Word for word, restate the lines of the listing below from the line with "GLUTAMINA ISOLATES INTEGRAL MEDICA 150G" through the line with "GRAN FINALE RED", and do not include the pictures.

Study material -
****

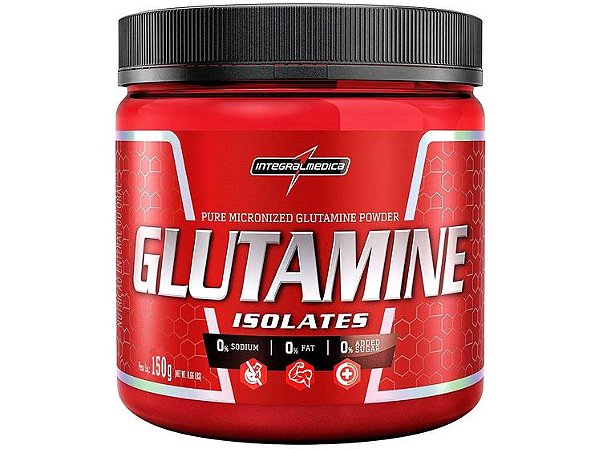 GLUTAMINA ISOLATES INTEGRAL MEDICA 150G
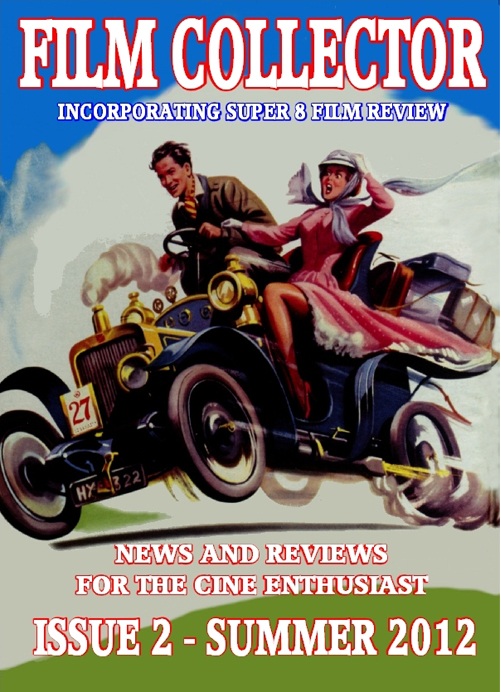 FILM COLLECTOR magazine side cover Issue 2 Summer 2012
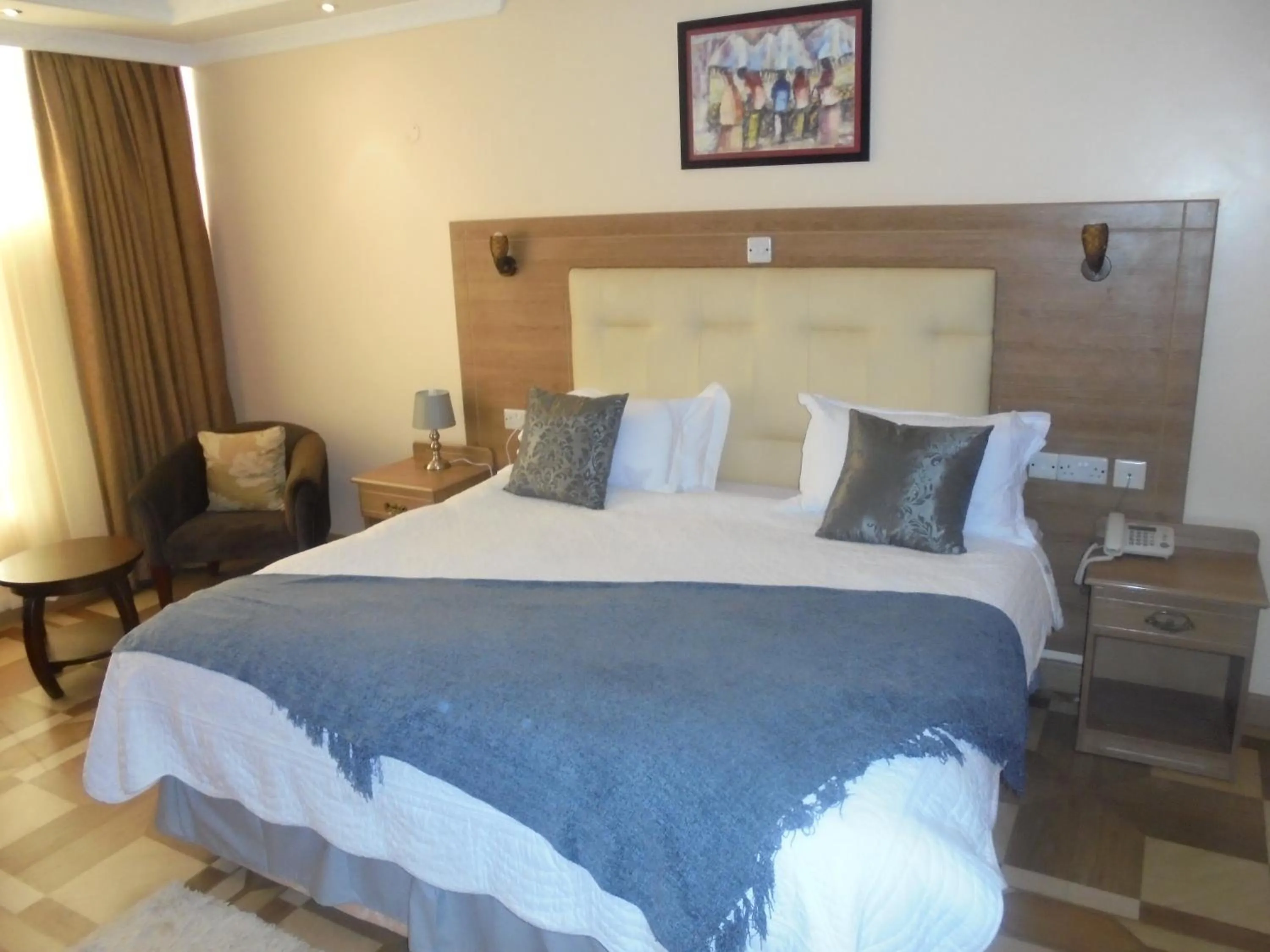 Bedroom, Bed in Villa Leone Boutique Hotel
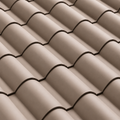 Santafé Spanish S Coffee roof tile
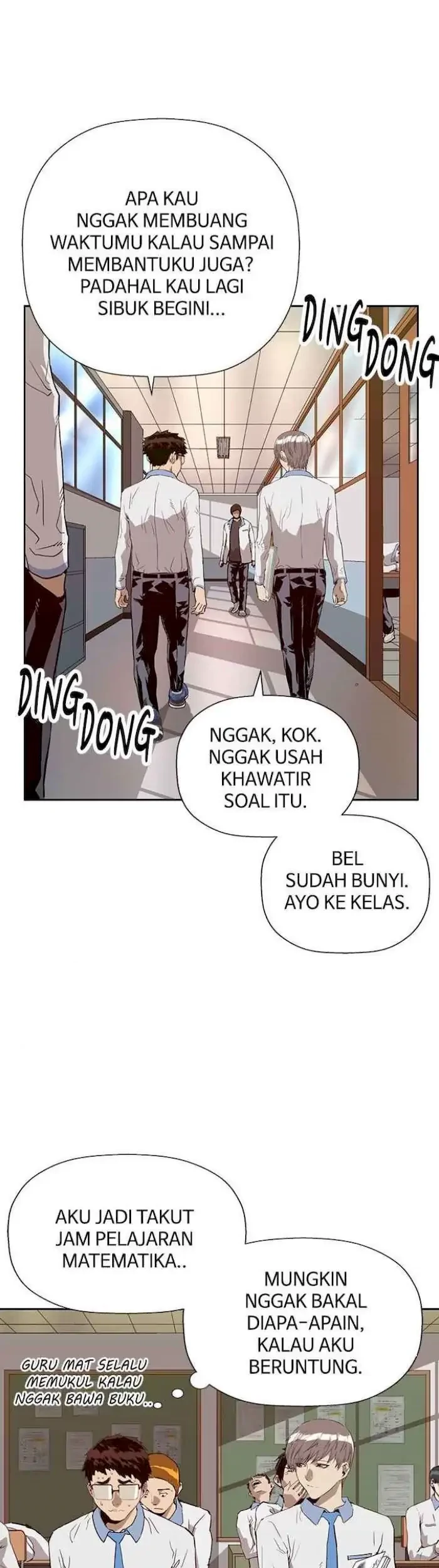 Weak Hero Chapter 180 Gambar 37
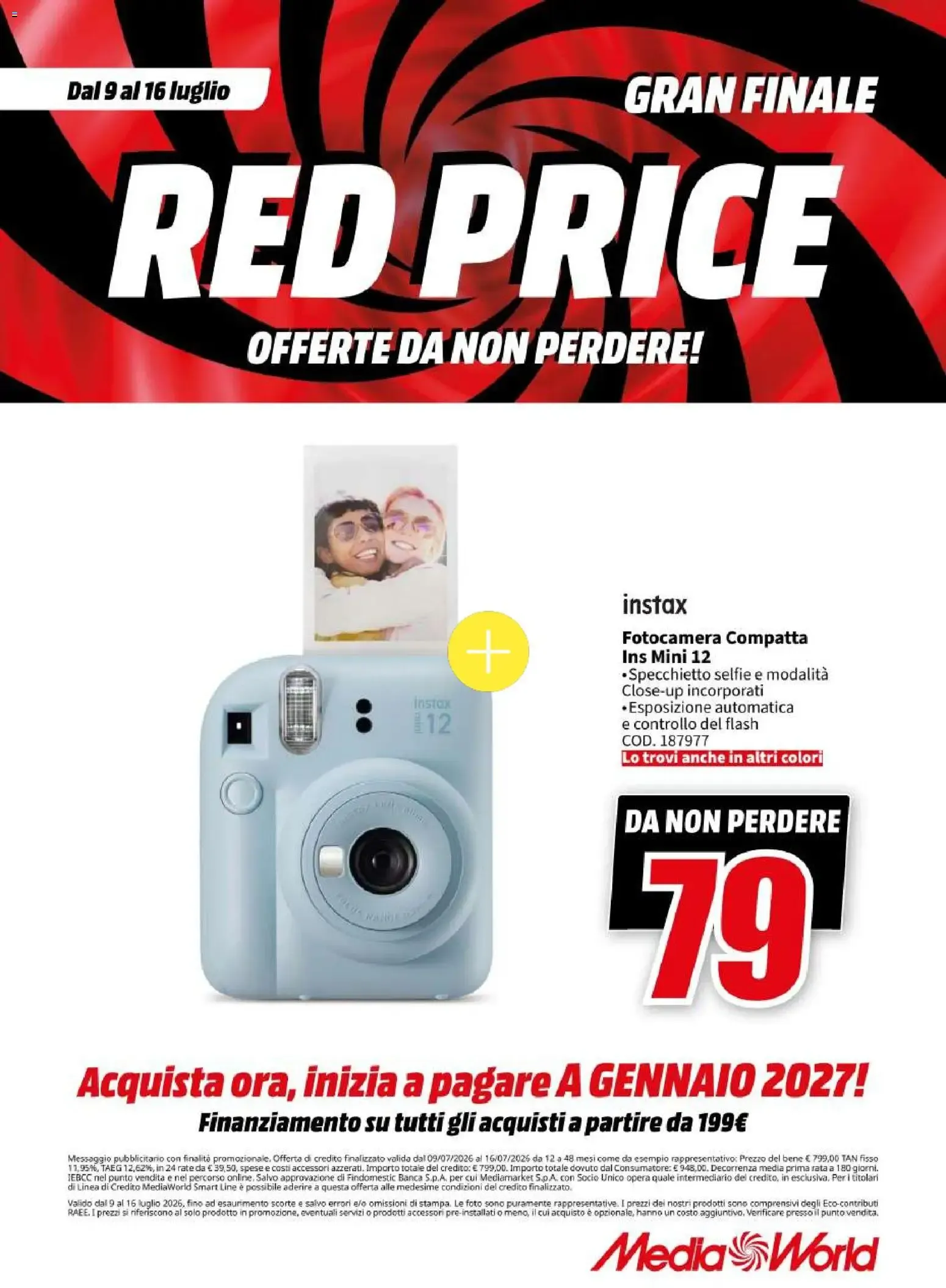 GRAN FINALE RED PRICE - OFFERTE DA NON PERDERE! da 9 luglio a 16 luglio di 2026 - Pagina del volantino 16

****

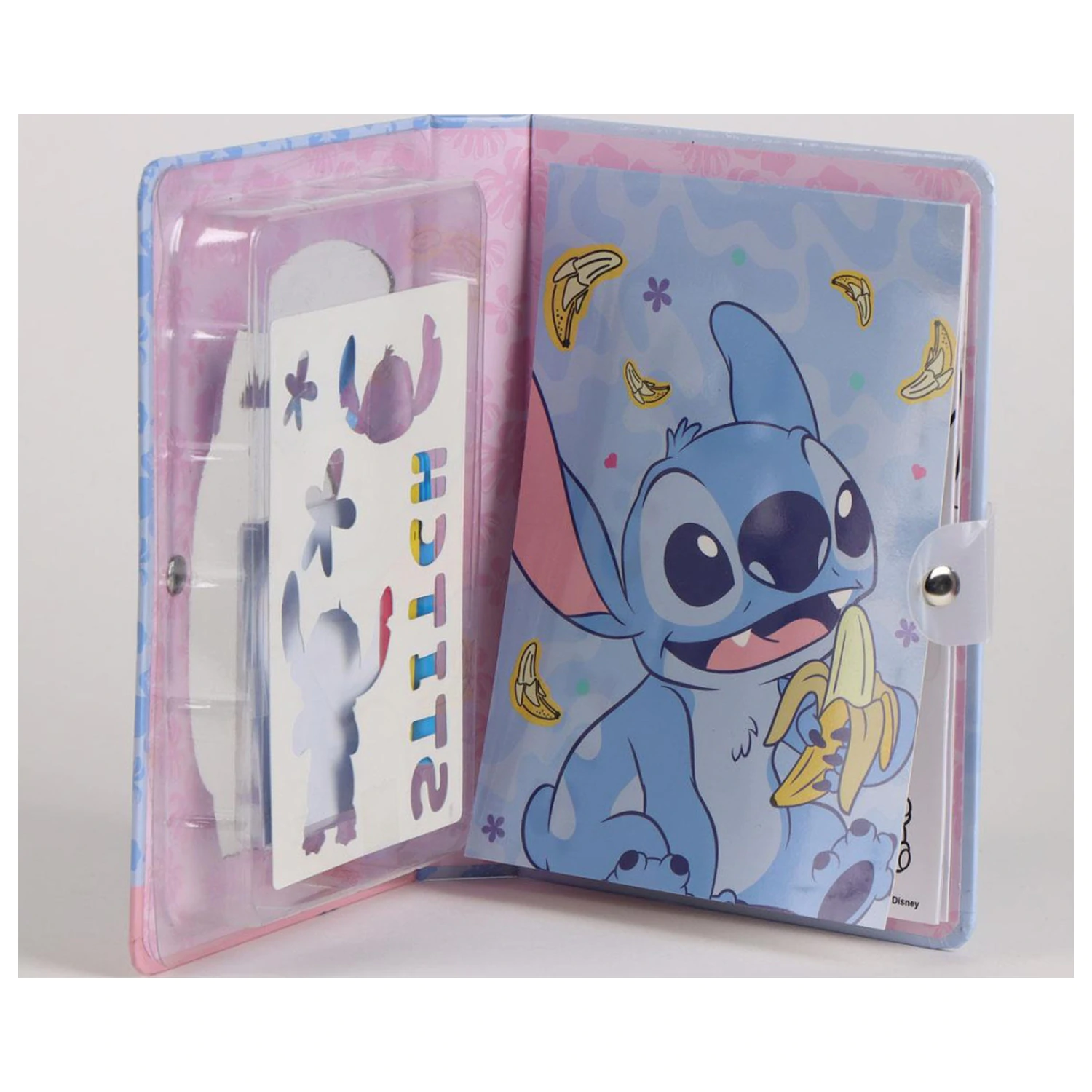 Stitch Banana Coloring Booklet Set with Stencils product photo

****

Answer area -
 GLUTAMINA ISOLATES INTEGRAL MEDICA 150G
 FILM COLLECTOR magazine side cover Issue 2 Summer 2012
 Bedroom, Bed in Villa Leone Boutique Hotel
 Santafé Spanish S Coffee roof tile
 Weak Hero Chapter 180 Gambar 37
 GRAN FINALE RED PRICE - OFFERTE DA NON PERDERE! da 9 luglio a 16 luglio di 2026 - Pagina del volantino 16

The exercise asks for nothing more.